Sinister: By the light of the moon, the big baboon was combing his auburn hair

robin stout stoutrobin at xxx.com
Thu Aug 12 13:42:49 BST 2004


It rains here a lot. If your days are spent like mine, gazing out of a 
window, it can make the perfect backdrop for not getting anything done. 
Sometimes I'll be sitting in a meeting and no one has seen the forecast or 
brought a parapluie, and haven't noticed the falling raindrops gradually 
filling up the sky. Then, it falls a little harder and people start to hear 
and everyone looks up, and even the person giving the presentation puts the 
cap on their felt-tip pen.

It's one of those natural phenomenons that, if I were an observational comic 
or a misty-eyed drunk I could make a lot of capital from, wondering how no 
one notices the rain until it reaches a certain pitch, just like no one 
pauses on the path to look down a mysterious hole, until reaches a certain 
depth. But I'm neither of those things, so I have to keep those thoughts to 
myself.

Yeah, we have plenty of rain here. You're quite welcome to it if you want. 
It's of a particular vintage if you're in a tent at the seaside with good 
company and yesterday's smudged crossword.

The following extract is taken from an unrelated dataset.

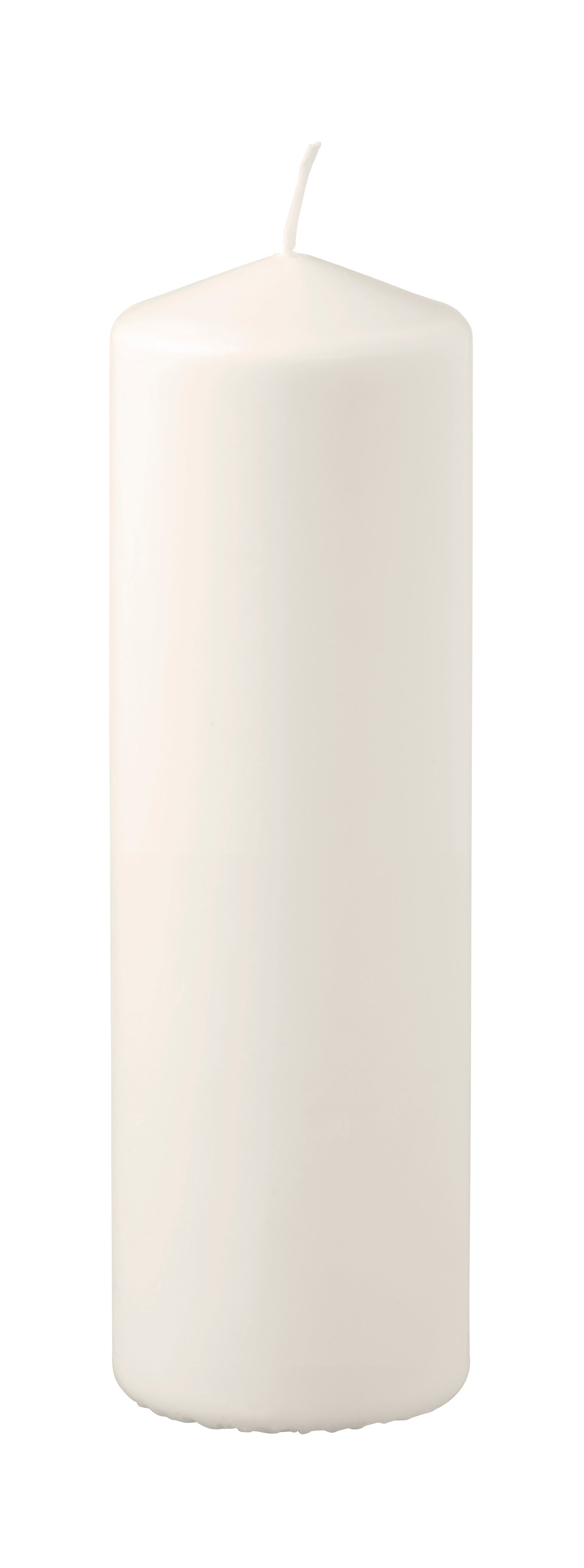 Fenomen Vela Gruesa Sin Perfume Natural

Having missed the rest, I managed to catch Struan on the radio on Thursday. 
I was going to the dentist in the morning and managed to hang around long 
enough to hear him. He played Take the Skinheads Bowling, and waxed somewhat 
lyrical about how this song was where the term Bowlie came from and how the 
song summed up Indie for him. Struan seems to have a different idea of what 
indie is to most people I meet. I like how he cherishes these modern slurs, 
Bowlie, Twee, Indie, Hipster, Christian, and lives in a world where all of 
these things are as holy as he wants them to be. Most people disagree, but 
then I don't think most people have a clue.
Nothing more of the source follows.